In this case, we can find no such prejudice. The other evidence establishing the appellant’s guilt was overwhelming. This included the direct examination of Private Baumert, which the NCIS agent corroborated, as well as the appellant’s own testimony and confession. See Record at 307-37; Prosecution Exhibit 4. We also perceive no prospect whatsoever that the appellant’s contrived entrapment defense would have prevailed, even if the members had never heard of the July 1994 transaction and the judge had asked no questions at all. Discussing the typical criminal prosecution involving a controlled buy of contraband drugs, the Supreme Court observed in 1992, “the entrapment defense is of little use because the ready commission of the criminal act amply demonstrates the defendant’s predisposition.” Jacobson, 503 U.S. at 550, 112 S.Ct. at 1541 (dictum). In this case, the appellant admitted, in both his confession and testimony, to having engaged in three sales of drugs over a period of a few weeks. We have no doubt that the members would have convicted the appellant even in the absence of the testimony of which he now complains. Given the incredible defense and the overwhelming evidence of guilt, the military judge’s errors did not come close to undermining the fairness of the trial or contributing to a miscarriage of justice.

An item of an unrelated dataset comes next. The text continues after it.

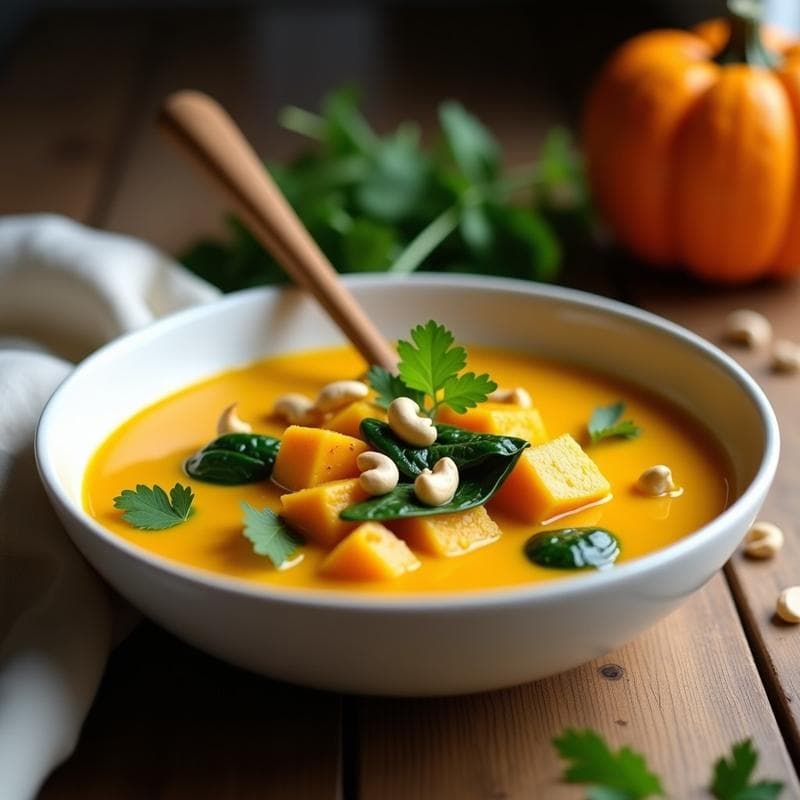 Curry de Calabaza y Leche de Cúrcuma: Receta Vegana en Olla Lenta con Espinacas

*677Therefore, although the military judge erred, we conclude that the appellant is entitled to no relief.

Denial of Challenges for Cause

In his next two assignments of error, the appellant claims that the military judge erred in denying his two challenges for cause of Major Liber and Lieutenant Colonel Rudder. Record at 102-03. The defense then used its peremptory challenge on Lieutenant Colonel Rudder. Record at 136. Although the civilian defense counsel did not state that he would have used the peremptory challenge to challenge anyone else on the panel had his challenge for cause against Lieutenant Colonel Rudder been granted, we will assume that he would have used it against Major Liber. Therefore, despite his apparent failure to comply with the precise wording of R. C.M. 912(f)(4), we believe that he preserved the issue of the correctness of the military judge’s ruling with respect to both members. See United States v. Jobson, 31 M.J. 117,120 (C.M.A.1990).

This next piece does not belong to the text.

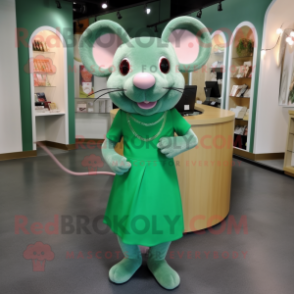 Green Mouse mascot costume character dressed with a Sheath Dress and Earrings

Turning to the merits of the appellant’s argument, we recognize that military judges are to grant challenges for cause liberally to ensure that the accused is tried by court members who are impartial as to findings and sentencing. Jobson, 31 M.J. at 122 (Sullivan, J. concurring); see United States v. Glenn, 25 M.J. 278, 279 (C.M.A.1987)(“challenges for cause are to be liberally granted.”); Reynolds, 23 M.J. at 294. At the same time, appellate courts must

give a military judge great deference because we recognize that he has observed the demeanor of the participants in the voir dire and challenge process. Because we give the military judge great deference, we will overturn his ruling on a challenge only if we find a dear abuse of discretion.

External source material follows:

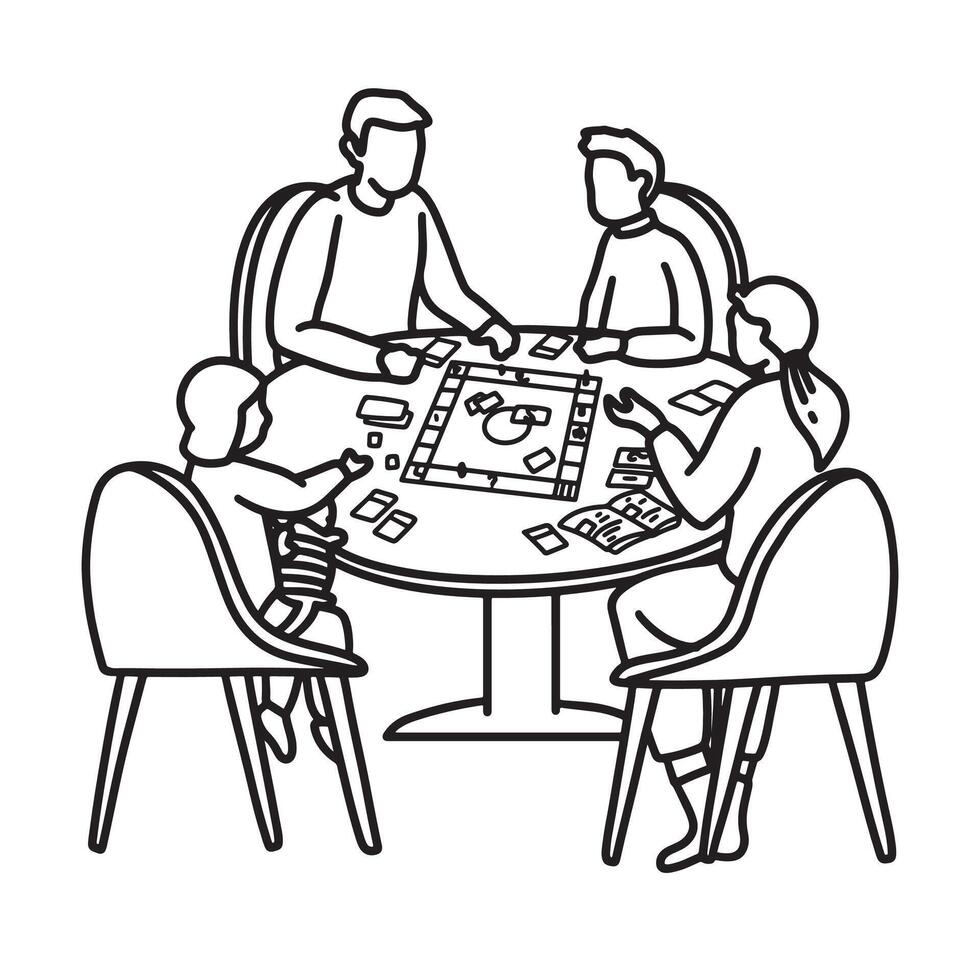 family playing game outline drawing line art community care vector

United States v. White, 36 M.J. 284, 287 (C.M.A.1993), cert, denied, 510 U.S. 1090,114 S. Ct. 918,127 L.Ed.2d 212 (1994). The question of whether a member can serve impartially “is essentially one of credibility, and therefore largely one of demeanor.” Patton v. Yount, 467 U.S. 1025,1038,104 S.Ct. 2885, 2892, 81 L.Ed.2d 847 (1984). “Due to his superior position, the military judge’s determination of bias is entitled to great deference on appeal and will not be reversed absent a clear abuse of discretion.” Reynolds, 23 M.J. at 294.

Although the Manual for Courts-Martial enumerates a number of automatic reasons for excusing a member for cause, R.C.M. 912(f)(1)(A)-(M), the single most important ground for causal challenges is the so-called “catch-all,” R.C.M. 912(f)(1)(N). That Rule provides that a “member shall be excused for cause whenever it appears that the member____[sjhould not sit as a member in the interest of having the court-martial free from substantial doubt as to legality, fairness, and impartiality.” Id. This ground for challenge covers situations where the member, inter alia, “is closely related to ... a counsel ... in the case; ... has a decidedly friendly or hostile attitude toward a party; or has an inelastic opinion concerning an appropriate sentence for the offenses charged.” Id., Discussion. R.C.M. 912(f)(3) provides that the “burden of establishing that grounds for a challenge exist is upon the party making the challenge.”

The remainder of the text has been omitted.